Auch Sat.1-Unterhaltungschef Mario Kristl hat nach dem Flop des "Duells der Stars" eine erste Erklärung gefunden. "Der Versuch, mit der Farbe 'Gameshow' am Sonntag zu punkten, ist leider nicht aufgegangen und hat gezeigt, dass der Sonntag als Höhepunkt der Woche eher eine große Eventshow verlangt", so sein Fazit gegenüber DWDL.de. "'The Voice of Germany' und 'The Voice Kids' sind etablierte Marken mit einem klaren Versprechen: große Show für die ganze Familie, erstklassige Musiker als Coaches, echtes Talent, ein klares Konzept und entspannte Unterhaltung zum Ausklang des Wochenendes.
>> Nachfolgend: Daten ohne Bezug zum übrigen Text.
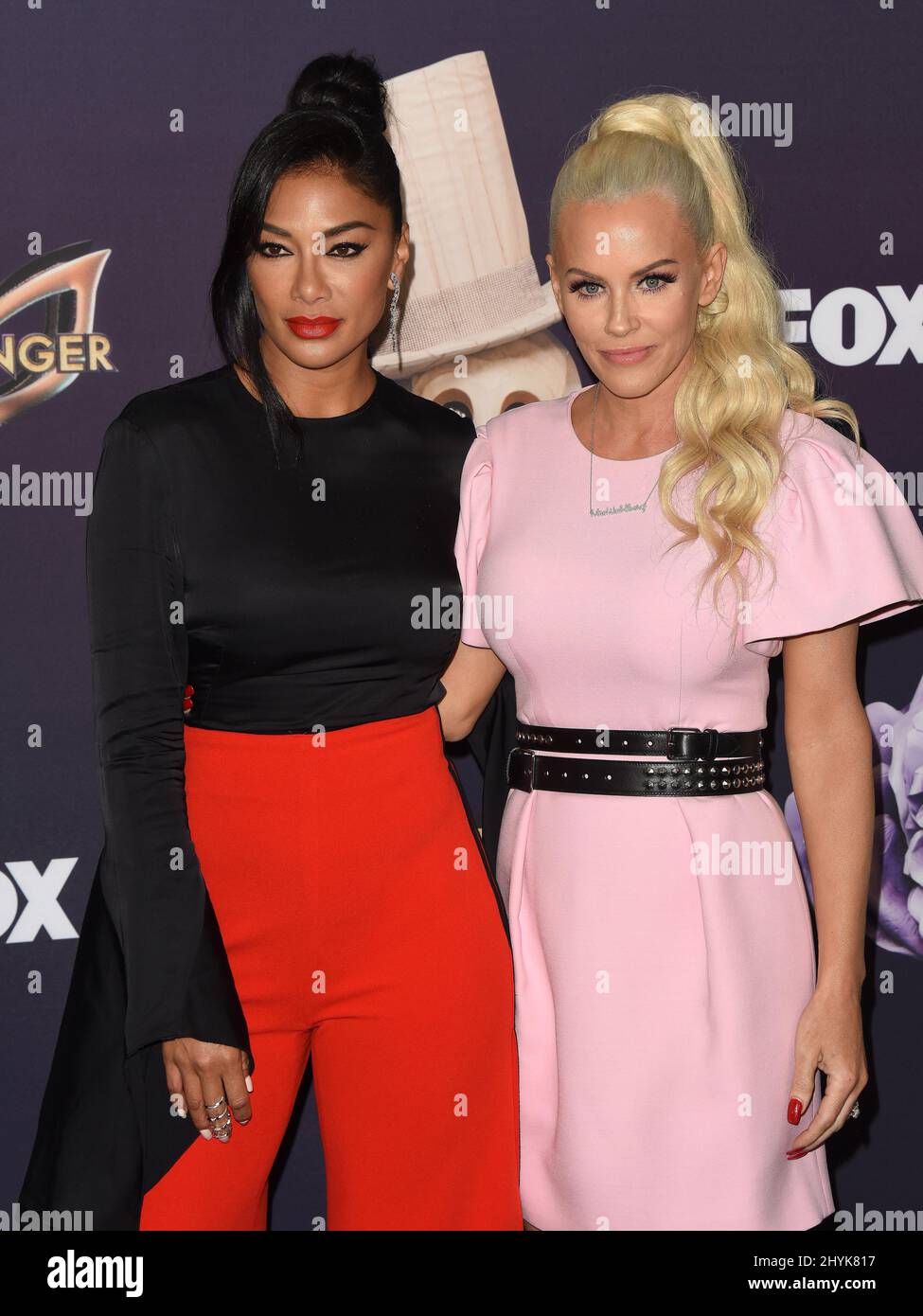 nicole scherzinger pink dress masked singer Nicole Scherzinger and Jenny McCarthy arriving to the 'The Masked Singer'  Season 2 Premiere at The Bazaar at SLS Beverly Hills Stock Photo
Anscheinend wünschen sich die Zuschauer am Sonntag Shows, die sich durch genau diese Merkmale auszeichnen."

The Voice Kids© Sat.1/Andre Kowalski

Tatsächlich funktionierte "The Voice Kids" auf Anhieb weitaus besser als die harmlose Spielshow in den Wochen zuvor. Aus dieser Erfahrung heraus plant der Sender nun bereits weitere Shows. "Der Sonntag bleibt für Sat.1 der Sendetag für große Familien-Unterhaltung", kündigt Kristl an und stellt neben der gerade in Köln aufgezeichneten Show-Adaption "Little Big Stars" mit Thomas Gottschalk noch eine weitere Talentshow in Aussicht. Diese hört auf den Namen "It's Showtime" und will  mit Michelle Hunziker, Michael Bully Herbig und Sasha in der Jury das Publikum abseits der Fiction für sich gewinnen.

Und auch bei RTL möchte sich man nach dem jüngsten Rückschlag nicht aus dem Konzept bringen lassen. Auf die Frage, ob der Sonntagabend für den Sender perspektivisch noch immer ein Sendeplatz für Shows ist, heißt es aus Köln: "Durchaus, denn nach nur einem Format lassen sich kaum generelle Rückschlüsse zur Eignung des Sonntagabends als Showtag ziehen. Es braucht aber sicher eine besondere Idee und eine ebensolche Aufmerksamkeit, um ein neues Genre auf eher ungewohntem Sendeplatz zu etablieren." Für RTL wäre ein Show-Erfolg am Sonntagabend im Übrigen beinahe noch wichtiger als für Sat.1 - angesichts überschaubarer Hollywood-Deals käme eine Alternative gerade recht.